4. Name Roster of the Secret
Establishment

There were so many "Yalies" in the OSS that Yale's drinking
tune, the "Whiffenpoof Song", became an "unofficial" song of the OSS. Many in
the OSS were "Bonesmen" or belonged to the other Yale senior societies.
Robert Lovett ('18), Harriman's childhood friend, had been tapped into
Skull & Bones by Prescott Bush's cell of '17 and was a director at Brown
Brothers, Harriman.
Again, from "George Bush: The Unauthorized
Biography":
"On October 22, 1945, Secretary of War Robert Patterson
created the Lovett Committee, chaired by Robert A. Lovett, to advise the
government on the post-World War II organization of U.S. intelligence
activities.... The new agency would 'consult' with the armed forces, but it must
be the sole collecting agency in the field of foreign espionage and
counterespionage. The new agency should have an independent budget, and its
appropriations should be granted by Congress without public hearings. Lovett
appeared before the Secretaries of State, War, and Navy on November 14, 1945....
Lovett pressed for a virtual resumption of the wartime Office of Strategic
Services (OSS).... The CIA was established in 1947 according to the prescription
of Robert Lovett, of Jupiter Island."
Gaddis Smith, a history professor
at Yale, said, "Yale has influenced the Central Intelligence Agency more than
any other university, giving the CIA the atmosphere of a class reunion." And
"Bonesman" have been foremost among the "spooks" building the CIA's "haunted
house."
F. Trubee Davison ('18) was Director of Personnel at the CIA in
the early years. Some of the other "Bonesmen" connected with the intelligence
community are:
- Sloane Coffin, Jr. ('49)
- V. Van Dine ('49)
- James Buckley ('44)
- Bill Buckley ('50)
- Hugh Cunnigham ('34)
- Hugh Wilson ('09)
- Reuben Holden ('40)
- Charles R. Walker ('16)
- Yale's 'unofficial' Secretary of War, Robert D. French ('10)

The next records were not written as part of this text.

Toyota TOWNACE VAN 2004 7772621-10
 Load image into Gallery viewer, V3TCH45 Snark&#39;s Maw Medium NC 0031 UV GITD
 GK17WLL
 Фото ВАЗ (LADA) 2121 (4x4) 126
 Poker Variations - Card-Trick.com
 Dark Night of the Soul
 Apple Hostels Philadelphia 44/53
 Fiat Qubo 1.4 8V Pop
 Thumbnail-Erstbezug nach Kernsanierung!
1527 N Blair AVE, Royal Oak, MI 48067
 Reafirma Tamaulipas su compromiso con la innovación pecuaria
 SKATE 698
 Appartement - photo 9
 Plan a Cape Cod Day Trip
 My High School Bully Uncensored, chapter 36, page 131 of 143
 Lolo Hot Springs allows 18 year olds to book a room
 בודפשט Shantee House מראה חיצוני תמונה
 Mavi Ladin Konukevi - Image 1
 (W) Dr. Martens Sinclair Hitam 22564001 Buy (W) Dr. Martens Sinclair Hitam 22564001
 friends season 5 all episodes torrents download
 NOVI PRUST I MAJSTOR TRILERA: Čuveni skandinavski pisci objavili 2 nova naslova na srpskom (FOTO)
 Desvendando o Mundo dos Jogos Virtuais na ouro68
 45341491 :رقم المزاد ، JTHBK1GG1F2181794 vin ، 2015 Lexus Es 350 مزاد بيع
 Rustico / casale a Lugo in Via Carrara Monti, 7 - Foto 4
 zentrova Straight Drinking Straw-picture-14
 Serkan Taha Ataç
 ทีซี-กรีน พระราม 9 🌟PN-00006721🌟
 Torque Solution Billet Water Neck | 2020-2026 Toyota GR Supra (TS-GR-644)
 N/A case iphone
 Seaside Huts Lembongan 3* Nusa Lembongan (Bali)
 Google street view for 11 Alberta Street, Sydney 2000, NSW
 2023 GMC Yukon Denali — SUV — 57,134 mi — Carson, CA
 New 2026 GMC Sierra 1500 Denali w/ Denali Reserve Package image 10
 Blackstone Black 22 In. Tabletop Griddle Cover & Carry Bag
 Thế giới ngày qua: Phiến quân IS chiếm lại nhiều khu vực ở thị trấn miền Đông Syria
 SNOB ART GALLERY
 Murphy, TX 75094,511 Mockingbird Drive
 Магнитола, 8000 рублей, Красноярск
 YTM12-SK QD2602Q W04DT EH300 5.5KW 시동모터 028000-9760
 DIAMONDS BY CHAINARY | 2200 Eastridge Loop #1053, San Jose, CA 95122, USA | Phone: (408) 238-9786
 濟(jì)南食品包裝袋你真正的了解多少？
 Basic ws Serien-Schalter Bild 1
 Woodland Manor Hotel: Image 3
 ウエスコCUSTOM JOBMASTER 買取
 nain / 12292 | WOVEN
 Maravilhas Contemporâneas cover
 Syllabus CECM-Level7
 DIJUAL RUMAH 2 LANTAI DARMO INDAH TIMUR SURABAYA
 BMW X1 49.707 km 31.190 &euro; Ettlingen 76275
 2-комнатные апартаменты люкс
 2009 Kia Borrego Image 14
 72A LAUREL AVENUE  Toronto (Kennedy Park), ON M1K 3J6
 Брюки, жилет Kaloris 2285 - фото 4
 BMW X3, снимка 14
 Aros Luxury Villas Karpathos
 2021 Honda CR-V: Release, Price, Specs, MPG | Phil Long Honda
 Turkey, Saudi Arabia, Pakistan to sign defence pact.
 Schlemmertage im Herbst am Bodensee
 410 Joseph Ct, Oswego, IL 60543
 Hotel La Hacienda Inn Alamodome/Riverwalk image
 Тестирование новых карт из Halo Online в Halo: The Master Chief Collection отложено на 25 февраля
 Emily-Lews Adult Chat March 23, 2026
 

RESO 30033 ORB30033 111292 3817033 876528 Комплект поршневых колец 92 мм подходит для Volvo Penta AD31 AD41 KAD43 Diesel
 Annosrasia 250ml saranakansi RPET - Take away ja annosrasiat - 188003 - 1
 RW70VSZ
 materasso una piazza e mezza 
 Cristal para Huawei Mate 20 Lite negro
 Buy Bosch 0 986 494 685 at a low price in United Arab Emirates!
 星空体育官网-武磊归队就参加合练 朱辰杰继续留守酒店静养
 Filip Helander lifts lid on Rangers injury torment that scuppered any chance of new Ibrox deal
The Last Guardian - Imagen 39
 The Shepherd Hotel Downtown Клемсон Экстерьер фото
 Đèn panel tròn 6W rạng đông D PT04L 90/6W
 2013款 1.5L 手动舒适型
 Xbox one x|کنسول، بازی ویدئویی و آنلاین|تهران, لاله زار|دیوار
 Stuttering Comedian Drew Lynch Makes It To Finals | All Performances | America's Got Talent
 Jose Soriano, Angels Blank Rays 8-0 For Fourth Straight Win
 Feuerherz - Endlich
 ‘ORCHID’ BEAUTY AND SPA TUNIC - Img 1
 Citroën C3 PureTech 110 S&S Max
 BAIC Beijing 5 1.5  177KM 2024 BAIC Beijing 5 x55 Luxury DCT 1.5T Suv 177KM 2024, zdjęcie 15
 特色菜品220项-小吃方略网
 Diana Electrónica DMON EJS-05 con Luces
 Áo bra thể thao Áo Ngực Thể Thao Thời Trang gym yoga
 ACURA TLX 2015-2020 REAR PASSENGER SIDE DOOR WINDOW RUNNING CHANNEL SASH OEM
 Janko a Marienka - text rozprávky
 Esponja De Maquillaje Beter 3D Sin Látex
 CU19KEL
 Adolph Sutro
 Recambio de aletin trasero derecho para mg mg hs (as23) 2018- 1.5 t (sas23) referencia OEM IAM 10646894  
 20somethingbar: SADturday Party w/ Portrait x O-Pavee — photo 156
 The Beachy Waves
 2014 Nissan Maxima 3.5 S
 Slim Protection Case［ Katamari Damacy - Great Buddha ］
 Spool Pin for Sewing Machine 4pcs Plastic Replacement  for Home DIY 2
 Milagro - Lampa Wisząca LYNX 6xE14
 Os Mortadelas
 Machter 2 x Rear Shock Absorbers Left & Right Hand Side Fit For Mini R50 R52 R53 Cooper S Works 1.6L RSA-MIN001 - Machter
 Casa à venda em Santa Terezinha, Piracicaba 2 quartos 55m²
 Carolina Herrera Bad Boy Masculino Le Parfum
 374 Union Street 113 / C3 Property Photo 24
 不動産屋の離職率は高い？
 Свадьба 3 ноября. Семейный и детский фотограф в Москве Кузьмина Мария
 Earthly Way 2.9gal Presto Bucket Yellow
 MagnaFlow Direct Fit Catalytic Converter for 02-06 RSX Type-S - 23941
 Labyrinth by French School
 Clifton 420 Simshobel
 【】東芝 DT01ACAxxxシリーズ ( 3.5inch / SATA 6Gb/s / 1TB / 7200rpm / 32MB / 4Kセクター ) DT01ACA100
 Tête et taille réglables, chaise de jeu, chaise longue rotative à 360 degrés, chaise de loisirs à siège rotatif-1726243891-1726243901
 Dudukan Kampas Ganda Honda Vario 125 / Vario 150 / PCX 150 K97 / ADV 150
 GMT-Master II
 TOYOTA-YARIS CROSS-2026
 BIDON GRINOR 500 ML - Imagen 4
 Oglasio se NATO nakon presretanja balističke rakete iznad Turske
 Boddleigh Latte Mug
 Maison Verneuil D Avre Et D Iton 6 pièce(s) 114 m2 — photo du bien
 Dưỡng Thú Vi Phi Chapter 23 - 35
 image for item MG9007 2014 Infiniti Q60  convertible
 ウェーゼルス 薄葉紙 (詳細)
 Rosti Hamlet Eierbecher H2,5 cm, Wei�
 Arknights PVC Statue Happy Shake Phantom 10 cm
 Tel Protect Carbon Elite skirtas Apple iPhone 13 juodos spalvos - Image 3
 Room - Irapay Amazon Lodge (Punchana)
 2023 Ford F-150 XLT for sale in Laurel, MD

- Archibald MacLiesh ('15)
- Dino Pionzio ('50), CIA Deputy Chief of Station during Allende overthrow
- William and McGeorge Bundy
- Richard A. Moore ('3?)
- Senator David Boren ('63)
- Senator John Kerry ('66)
...and, of course, George Herbert Walker
Bush. Bush tapped Coffin, who tapped Buckley.
Some other prominent
Bonesmen include:
- Henry Luce ('20), Time-Life
- John Thomas Daniels ('14), founder Archer Daniels Midland
- Gifford Pinchot ('89), President Theodore Roosevelt's chief forester
- Frederick E. Weyerhaeuser ('96)
- Harold Stanley ('08), founder of Morgan Stanley, investment banker
- Alfred Cowles ('13), Cowles Communication
- Henry P. Davison ('20), senior partner Morgan Guaranty Trust
- Thomas Cochran ('04) Morgan partner
- Senator John Heinz ('31)
- Pierre Jay ('92), first chairman of the Federal Reserve Bank of New York
- George Herbert Walker, Jr. ('27), financier and co-founder of the NY Mets
- Artemus Gates ('18), President of New York Trust Company, Union Pacific,
TIME, Boeing Company
- William Draper III (50), the Defense Department, UN and Import-Export Bank
- Dean Witter, Jr.('44), investment banker
- Senator Jonathan Bingham ('36)
- Potter Stewart ('36), Supreme Court Justice
- Senator John Chaffe ('47)
- Harry Payne Whitney ('94), husband of Gertrude Vanderbilt, investment
banker
- Russell W. Davenport ('23), editor Fortune Magazine, created Fortune 500
list
- Evan G. Galbraith ('50), Ambassador to France and Managing Director of
Morgan Stanley
- Richard Gow ('55), president Zapata Oil
- Amory Howe Bradford ('34), husband of Carol Warburg Rothschild and general
manager for the New York Times
- C. E. Lord ('49), Comptroller of the Currency
- Winston Lord ('59), Chairman of CFR, Ambassador to China and assistant
Secretary of State in the Clinton administration
Ever since Nixon
re-established America's political relationship with China, many of our
ambassadors to that country have been Bonesmen, including George Bush, the first
Chief U. S. Liaison Officer to the Peoples Republic of China.
Next: The Opium
Wars
.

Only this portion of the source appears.